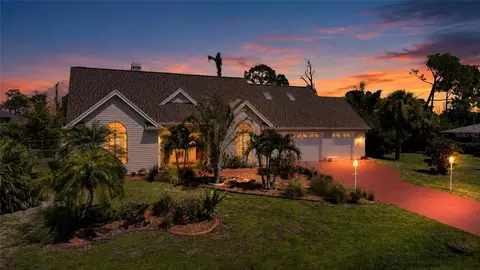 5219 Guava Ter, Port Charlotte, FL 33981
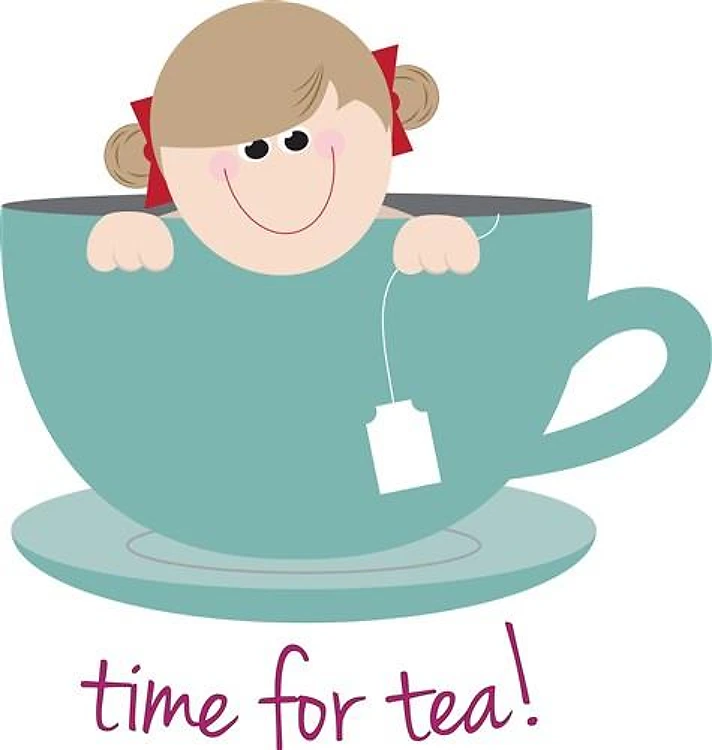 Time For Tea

——————

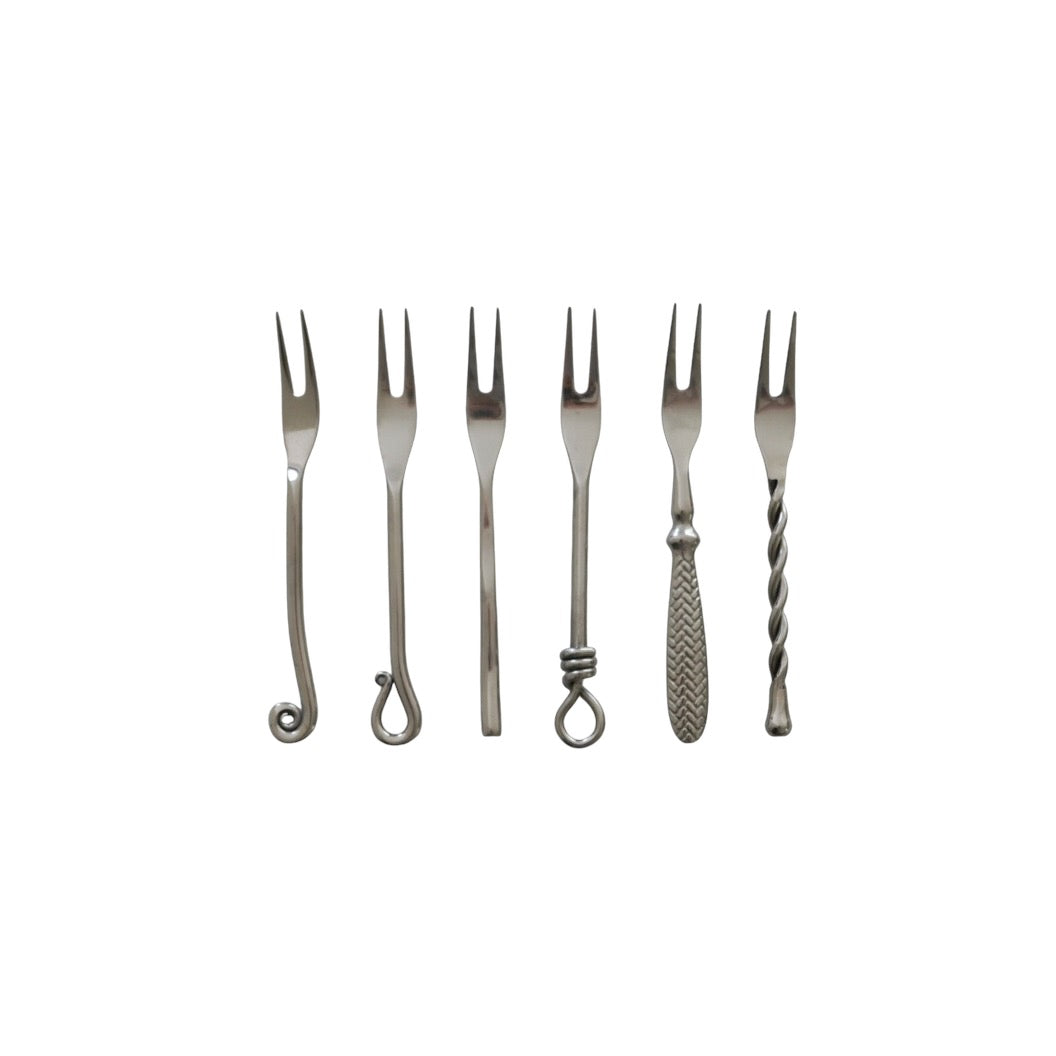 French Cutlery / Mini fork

——————

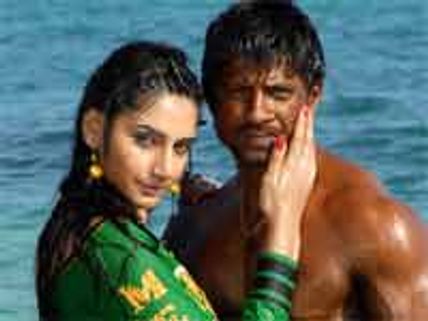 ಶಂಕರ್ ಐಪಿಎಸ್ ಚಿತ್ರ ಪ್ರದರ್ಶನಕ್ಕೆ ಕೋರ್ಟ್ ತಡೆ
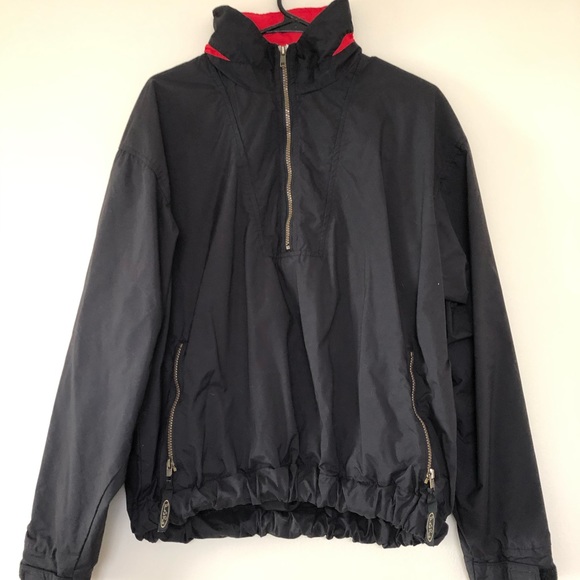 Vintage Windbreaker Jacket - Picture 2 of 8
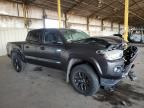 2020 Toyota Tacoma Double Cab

——————

Aim of the task - When copying from the data above, print only the lines from the line containing "Vintage Windbreaker Jacket - Picture 2 of 8" to the line containing "2020 Toyota Tacoma Double Cab", exactly, and leave the pictures out.

Exercise result -
 Vintage Windbreaker Jacket - Picture 2 of 8
 2020 Toyota Tacoma Double Cab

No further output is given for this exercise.